Activity: Once you find the line with "Foto 4 de Casa" in the listing below, set down exactly every line from it through the line with "Revell Ford Bronco", but no pictures.
━━━━━ Data provided ━━━━━
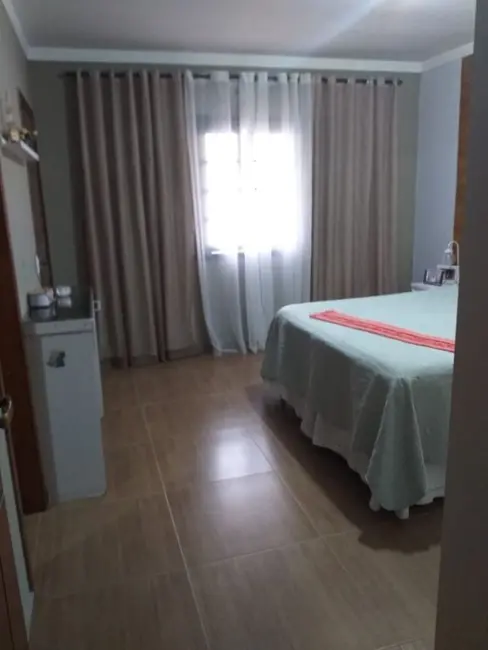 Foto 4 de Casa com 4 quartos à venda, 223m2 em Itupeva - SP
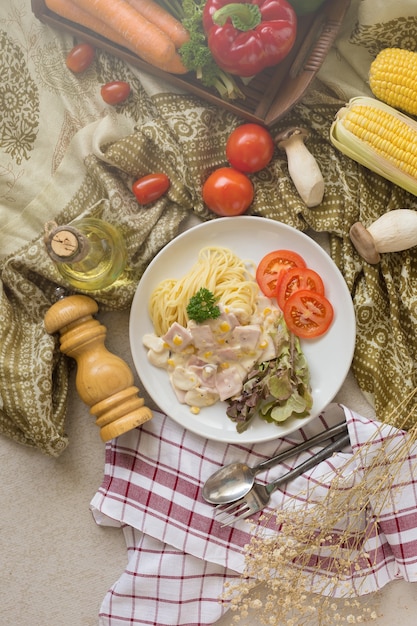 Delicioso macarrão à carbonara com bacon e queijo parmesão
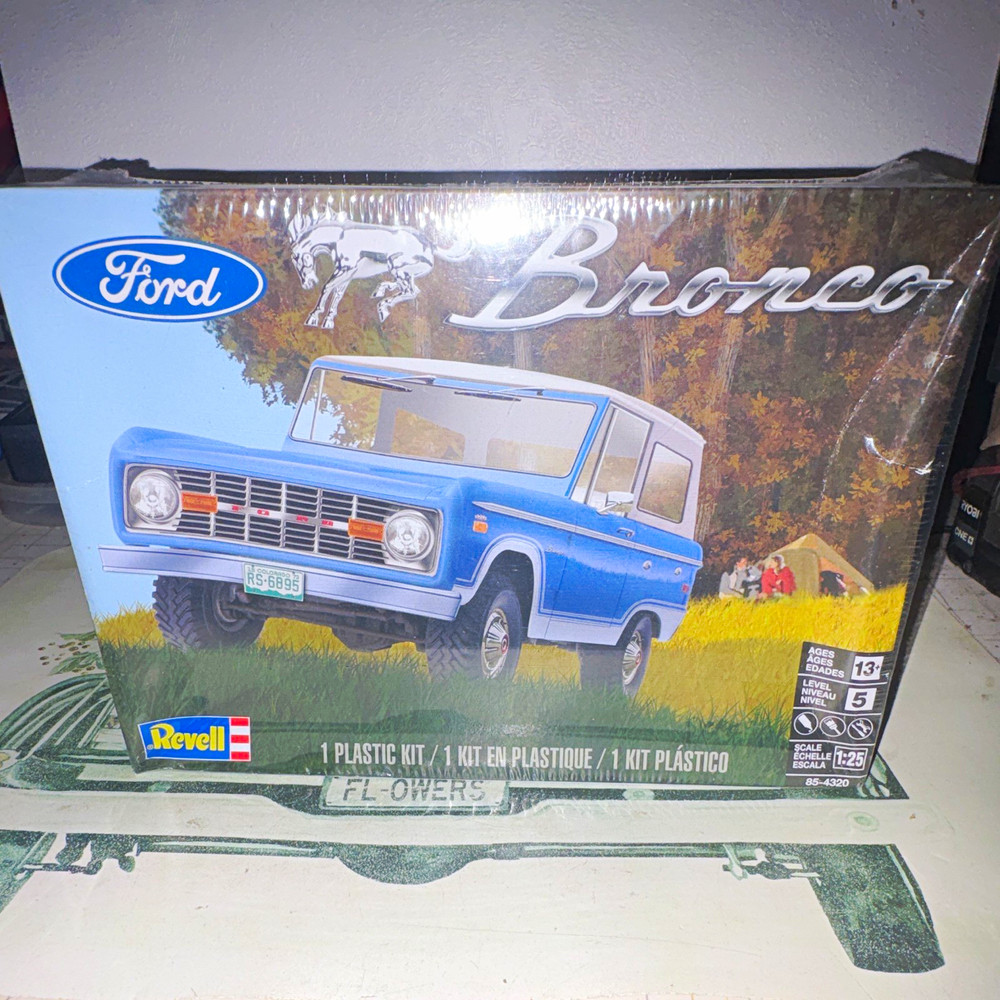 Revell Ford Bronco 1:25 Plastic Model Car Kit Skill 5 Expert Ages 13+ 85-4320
━━━━━
━━━━━ Data provided ━━━━━
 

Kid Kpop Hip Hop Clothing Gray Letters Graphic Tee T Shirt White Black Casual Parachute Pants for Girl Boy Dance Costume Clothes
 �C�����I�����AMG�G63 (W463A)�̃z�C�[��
━━━━━
Answer to this problem:
 Foto 4 de Casa com 4 quartos à venda, 223m2 em Itupeva - SP
 Delicioso macarrão à carbonara com bacon e queijo parmesão
 Revell Ford Bronco 1:25 Plastic Model Car Kit Skill 5 Expert Ages 13+ 85-4320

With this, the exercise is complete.